« Un soir, sur un chemin familier qui m’est cher, en mettant mes pas dans les pas de ceux qui m’ont précédé sur cette terre, j’ai senti frissonner l’arbre du silence. […] Il n’y avait plus de vent, rien ne bougeait, tout était apaisé, et pourtant j’ai entendu comme un murmure. J’ai eu l’impression - la conviction ? - qu’il provenait de l’arbre dont nous sommes issus : celui de nos familles, dont les branches sont innombrables et dont les feuilles frissonnent au plus profond de nous.
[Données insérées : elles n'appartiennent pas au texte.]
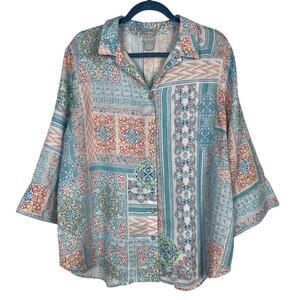 Chico’s Linen Mosaic Print Button Down Top Size 3 (XL) Pastel Blue Multi Boho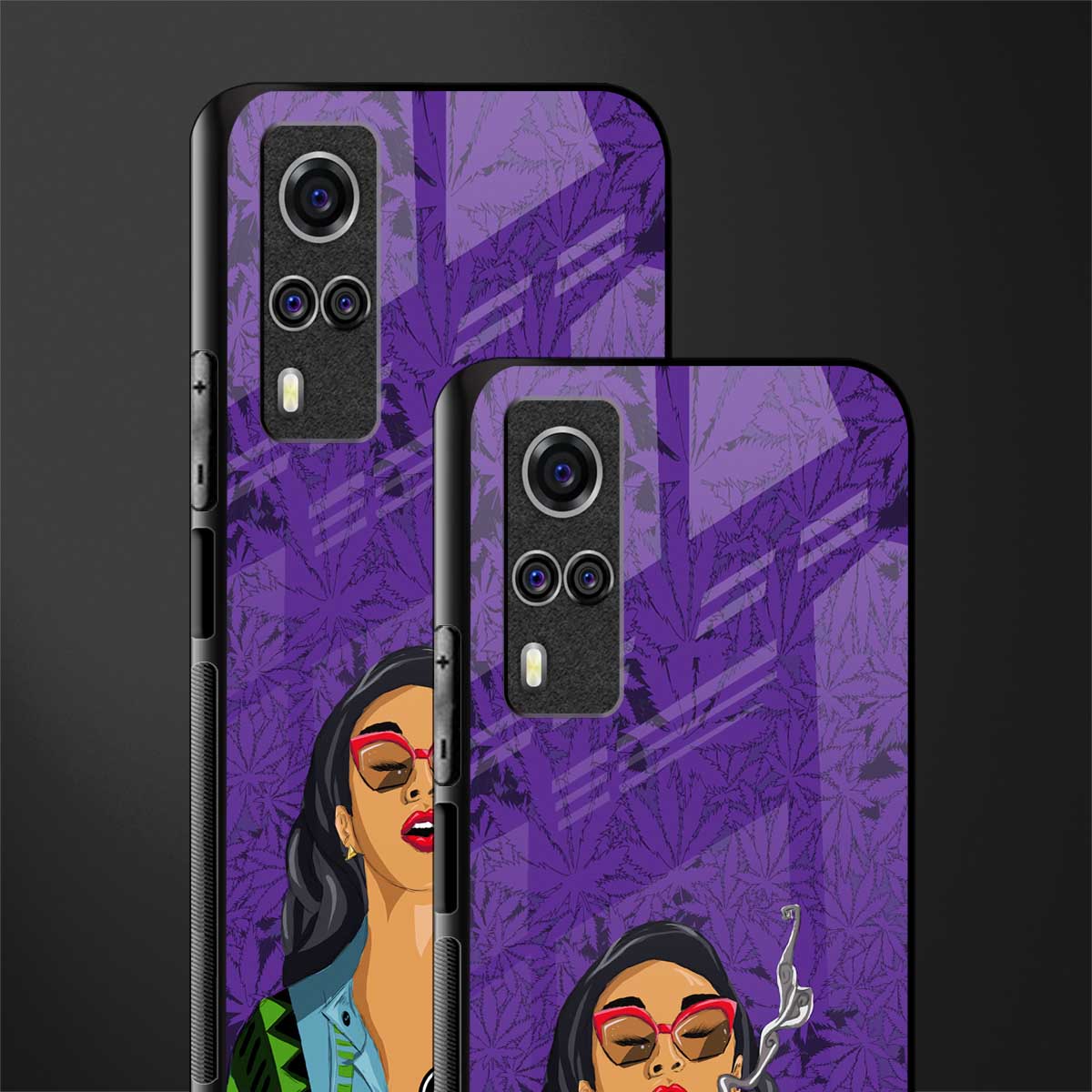 purple smoke glass case for vivo y51 image-2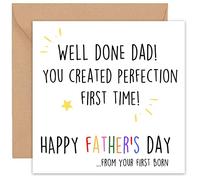 Fathers Day Card - Funny Happy Father's Day Cards - For Dad Daddy Father s Stepdad Stepfather Pop Husband - From Son Daughter Both Of Us - Gifts Joke Cute Humour Large First 1st - 14cm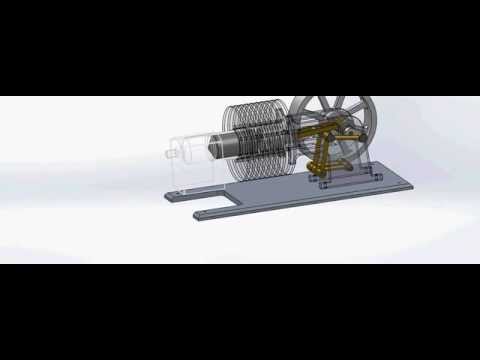 Sterling Engine Simulacion Solidworks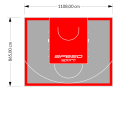 96M2/865X1108CM SZARO-CZERWONE BOISKO DO KOSZYKÓWKI SPEEDSPORT HEXA POWER PRO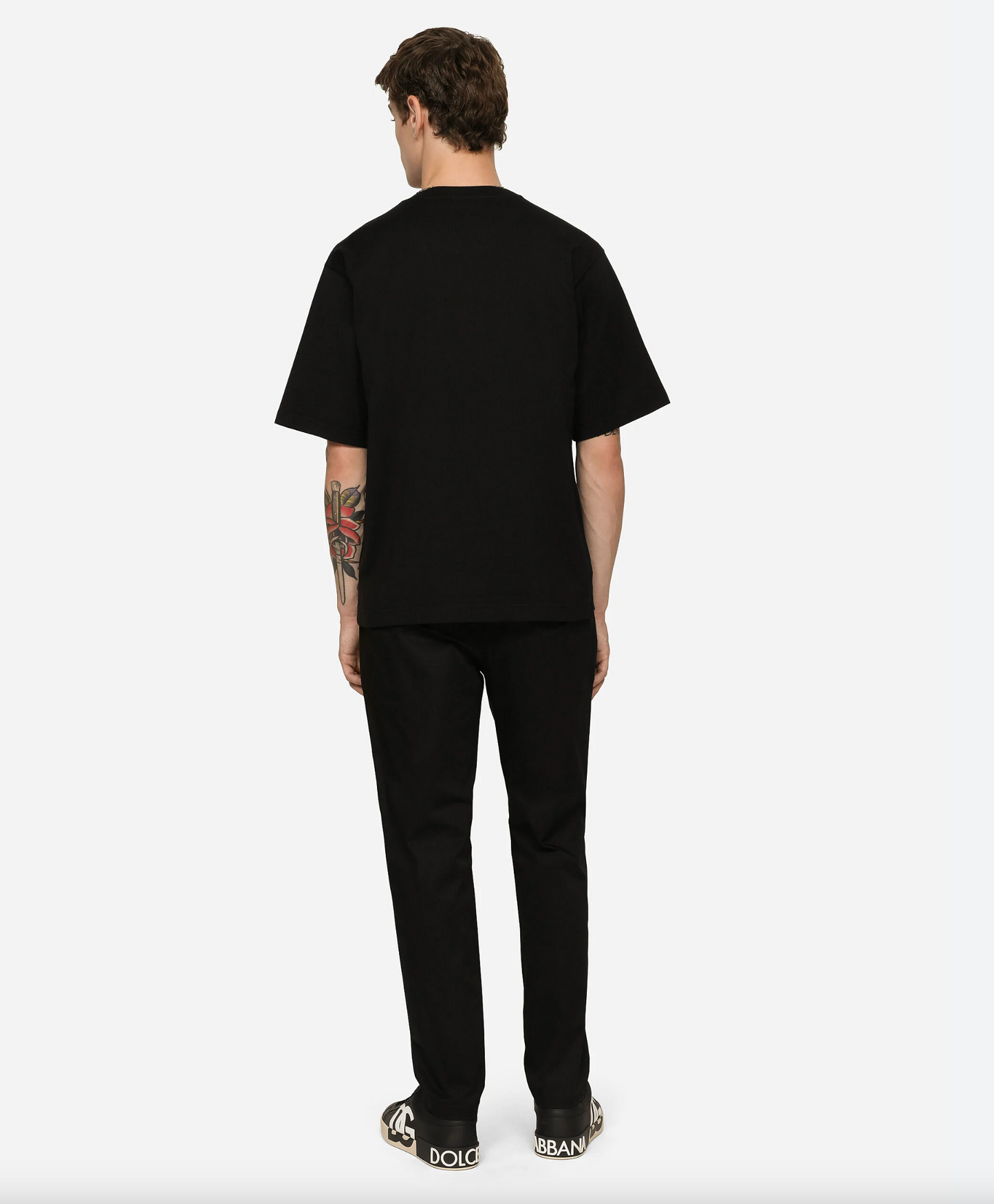 Black Cotton Men T-Shirt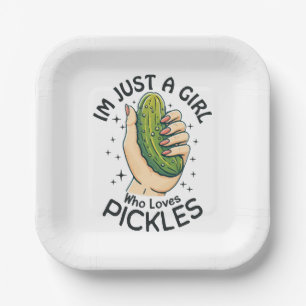 Just A Girl Who Loves Pickles - Funny Vegan Paper Plate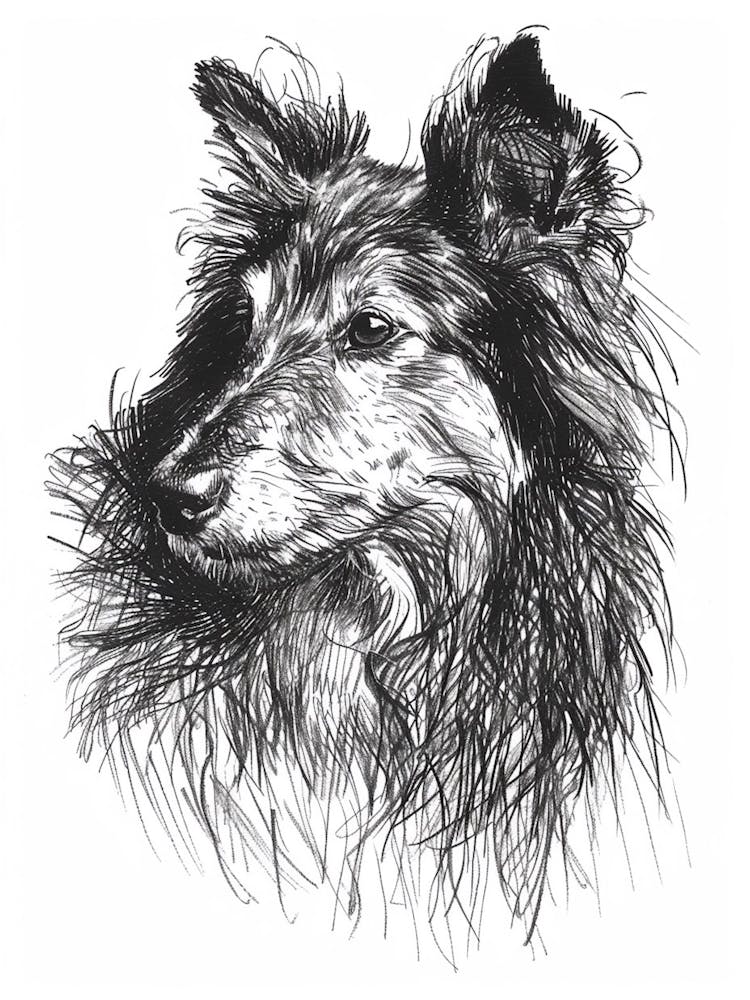Shetland Sheepdog Dog Line Sketch 2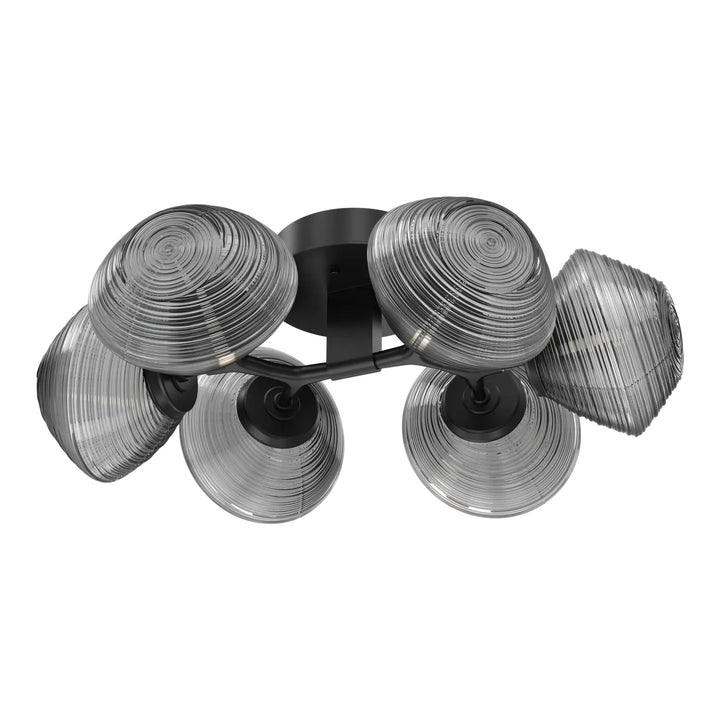 Mesa Organic Flush Mount Light by Hammerton Studio in Matte Black with Smoke glass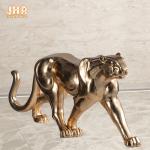 Animal Decor Resin Leopard Statue Polyresin Animal Figurines Fiberglass Gold
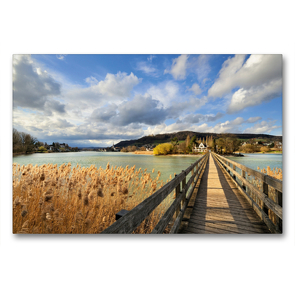 Premium Textil-Leinwand 90 x 60 cm Quer-Format Holzbrücke zur Klosterinsel Werd | Wandbild, HD-Bild auf Keilrahmen, Fertigbild auf hochwertigem Vlies, Leinwanddruck von Markus Keller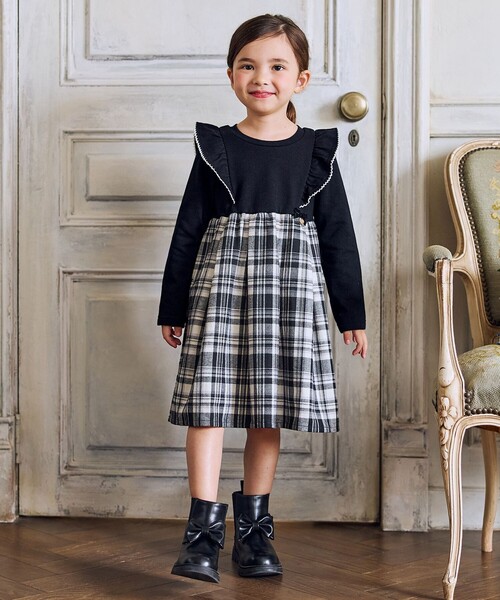 ANY（エニィ） ワンピース チェック柄 ドッキング ワンピース キッズ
Autant de feuilles, autant de voix vers lesquelles il faut se pencher pour bien les entendre, leur accorder l’attention nécessaire à la perception d’un silence qui, en réalité, n’en est pas un et ne demande qu’à être écouté. Je sais aujourd’hui que ce murmure a le pouvoir de donner un sens à notre existence, de prolonger la vie de ceux auxquels nous devons la nôtre, car ils nous habitent intimement. »

- Christian Signol, Ils rêvaient des dimanches

lundi 6 juin 2016

#ChallengeAZ : E comme Est-ce que je te demande si ta grand-mère fait du vélo ?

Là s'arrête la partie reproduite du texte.